* _RECORDS TO PROCESS_
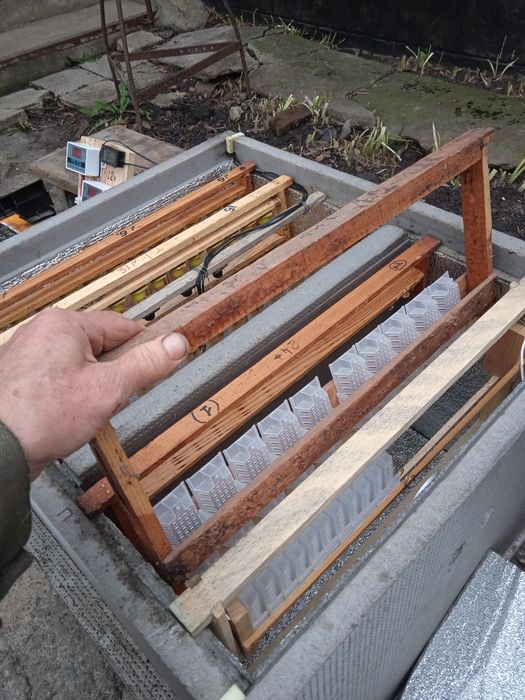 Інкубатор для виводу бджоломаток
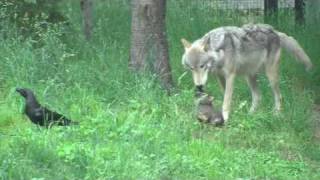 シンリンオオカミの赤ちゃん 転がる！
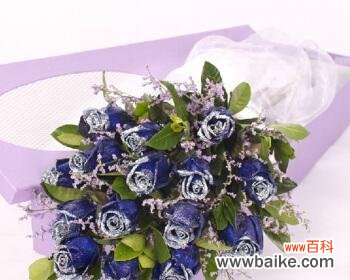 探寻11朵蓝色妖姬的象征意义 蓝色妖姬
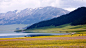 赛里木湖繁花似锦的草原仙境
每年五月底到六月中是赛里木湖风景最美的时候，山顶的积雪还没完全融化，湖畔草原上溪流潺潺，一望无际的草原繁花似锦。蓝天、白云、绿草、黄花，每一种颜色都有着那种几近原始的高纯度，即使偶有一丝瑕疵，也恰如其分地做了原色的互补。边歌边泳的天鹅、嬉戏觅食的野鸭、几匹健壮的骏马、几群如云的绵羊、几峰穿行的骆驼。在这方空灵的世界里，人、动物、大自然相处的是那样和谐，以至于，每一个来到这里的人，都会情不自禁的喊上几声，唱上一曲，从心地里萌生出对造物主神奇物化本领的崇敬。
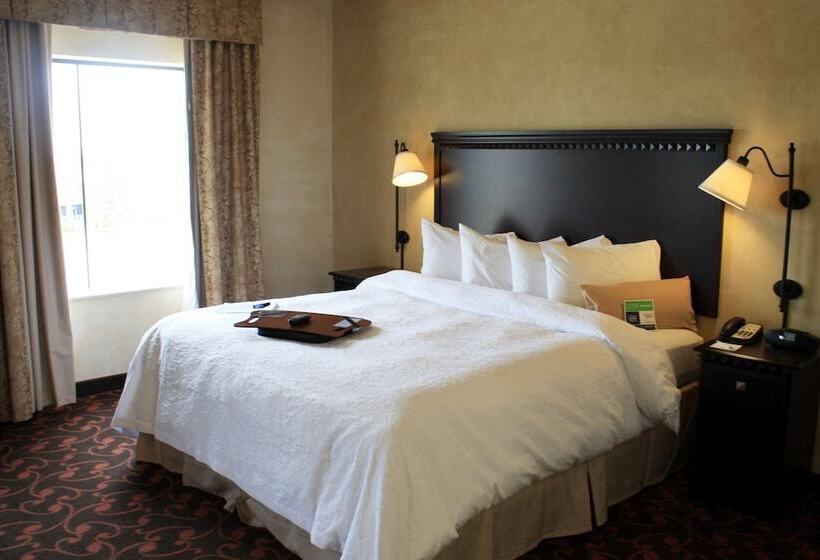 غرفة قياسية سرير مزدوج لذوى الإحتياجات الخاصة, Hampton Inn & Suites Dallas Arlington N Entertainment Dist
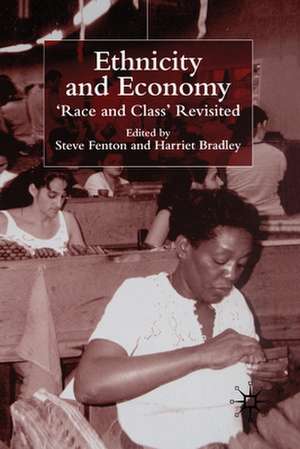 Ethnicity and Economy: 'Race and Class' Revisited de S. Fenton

* * *

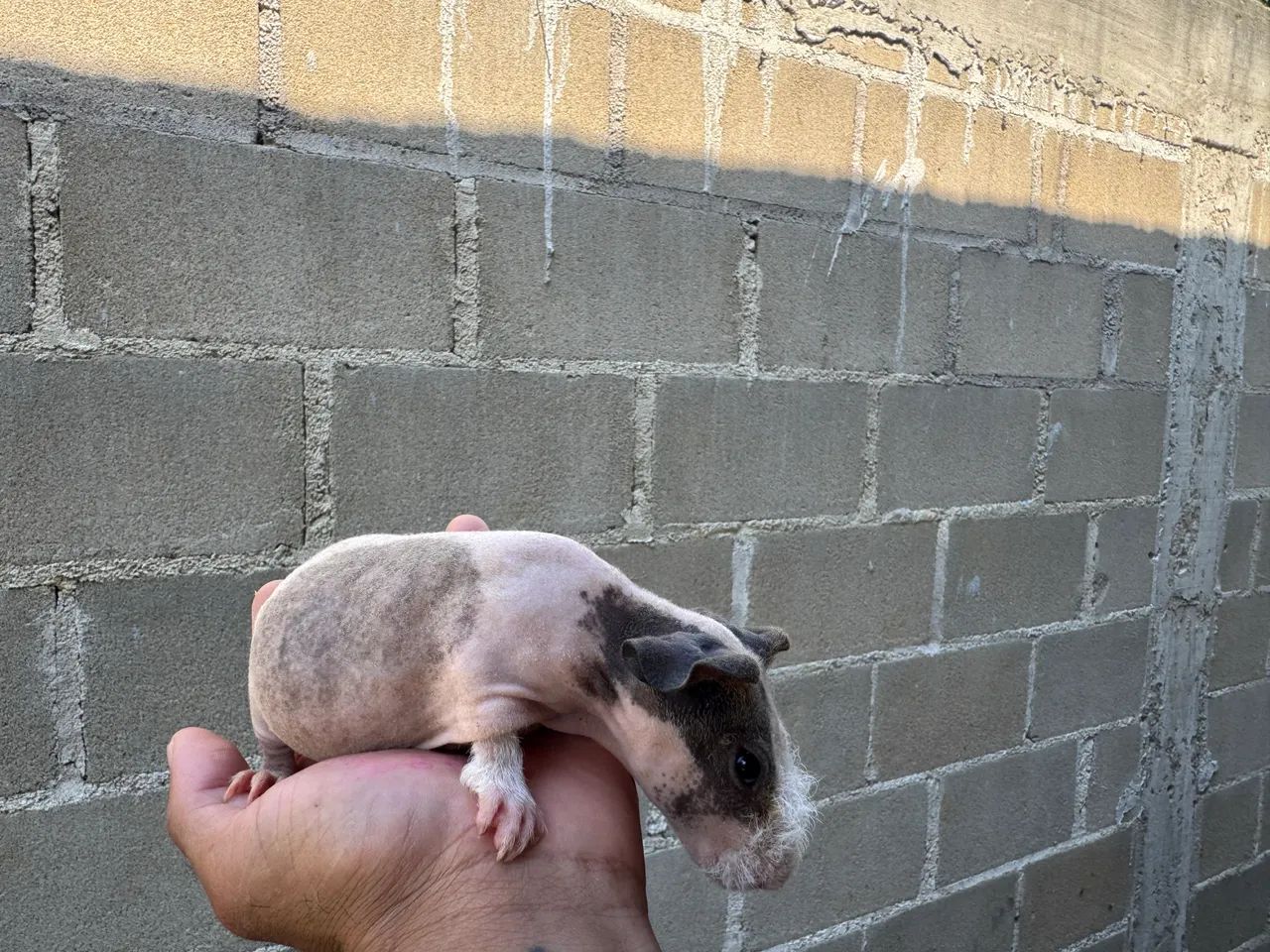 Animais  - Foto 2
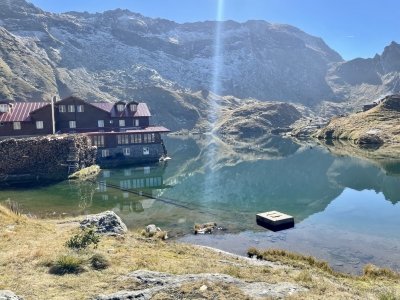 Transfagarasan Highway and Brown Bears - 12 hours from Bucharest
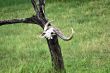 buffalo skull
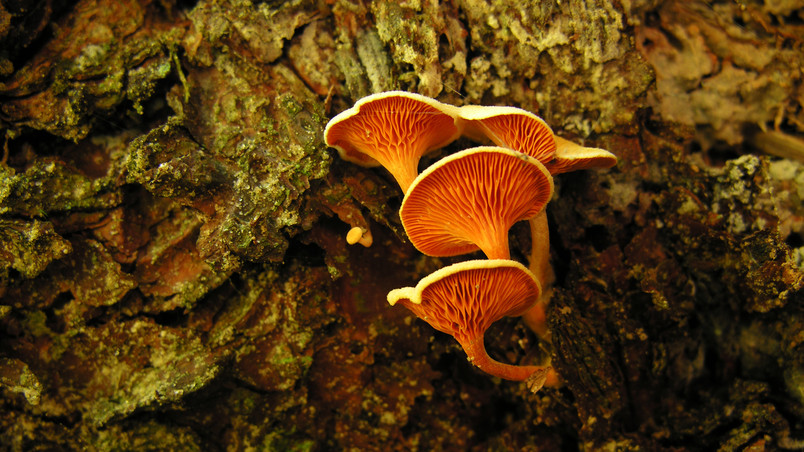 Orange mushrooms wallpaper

* _PROBLEM STATEMENT_
Pictures aside, return exactly the lines from the data above, starting at the line that has "Інкубатор для виводу бджоломаток" and ending at the line that has "Ethnicity and Economy: 'Race", both included.

* _TASK RESULT_
 Інкубатор для виводу бджоломаток
 シンリンオオカミの赤ちゃん 転がる！
 探寻11朵蓝色妖姬的象征意义 蓝色妖姬
 赛里木湖繁花似锦的草原仙境
每年五月底到六月中是赛里木湖风景最美的时候，山顶的积雪还没完全融化，湖畔草原上溪流潺潺，一望无际的草原繁花似锦。蓝天、白云、绿草、黄花，每一种颜色都有着那种几近原始的高纯度，即使偶有一丝瑕疵，也恰如其分地做了原色的互补。边歌边泳的天鹅、嬉戏觅食的野鸭、几匹健壮的骏马、几群如云的绵羊、几峰穿行的骆驼。在这方空灵的世界里，人、动物、大自然相处的是那样和谐，以至于，每一个来到这里的人，都会情不自禁的喊上几声，唱上一曲，从心地里萌生出对造物主神奇物化本领的崇敬。
 غرفة قياسية سرير مزدوج لذوى الإحتياجات الخاصة, Hampton Inn & Suites Dallas Arlington N Entertainment Dist
 Ethnicity and Economy: 'Race and Class' Revisited de S. Fenton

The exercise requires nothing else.